Ever wonder what goes into getting rid of the garbage in your building, or what happens to the hundreds of bags we throw away every day? Probably not. But how well your building is equipped to process the tons of trash New Yorkers throw away each year can have a direct effect on your pocketbook.
In 1968, New York introduced Local Law 14 as part of a series of changes designed to reduce air pollution. Back then, fumes from automobiles and incinerators produced a stagnant plume of grey smoke that hovered over the city. Environmentalists became concerned and warned of health problems on future generations if changes were not made. Hence, the introduction of unleaded gasoline and the trash compactor.

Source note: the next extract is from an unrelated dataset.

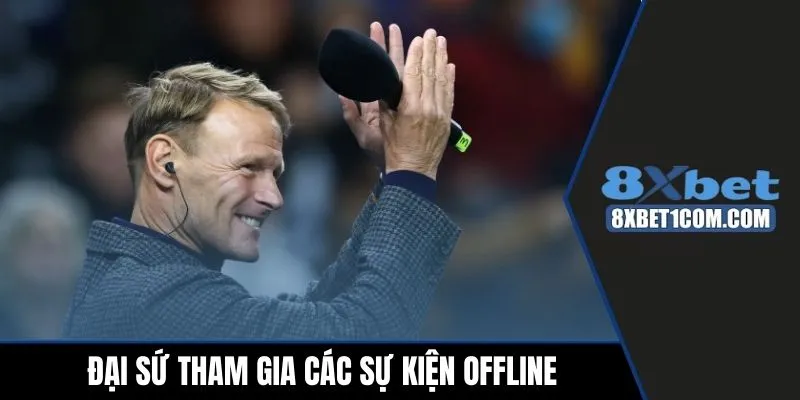 Đại sứ Teddy Sheringham tham gia sự kiện offline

Local Law 14 met with tremendous opposition. Incineration of trash was considered an efficient means of disposal and had been so for years. The caretaker simply waited until the chamber was filled, turned the burners on, and within minutes the trash was gone. Incinerators also occupied little space and left little food for the city's vermin population. The drawback, however, was that with so many buildings releasing smoke into the atmosphere, New York's air quality dramatically worsened.
St. Ann's Marketing Company, which later became HiCO, a division of the Bronx, N.Y.-based Refuse Systems Corp., was one of the first to design commercial compaction equipment. Faced with an enormous task of converting all its incinerators, New York City asked St. Ann's, a steel manufacturer, to design a compactor - powerful and economical enough that would be able to fit into the space formerly occupied by the incinerators. After a few tries, HiCO successfully came up with an appropriate design and produced the first compactor that was used in place of an incinerator.
By 1970, just over one-third of apartment buildings in New York City had converted to compaction systems. For economic reasons, some smaller buildings and owners shut down the incinerators but placed their garbage in cans. Today there remains approximately four percent of all buildings that have not yet converted to a compaction-type system.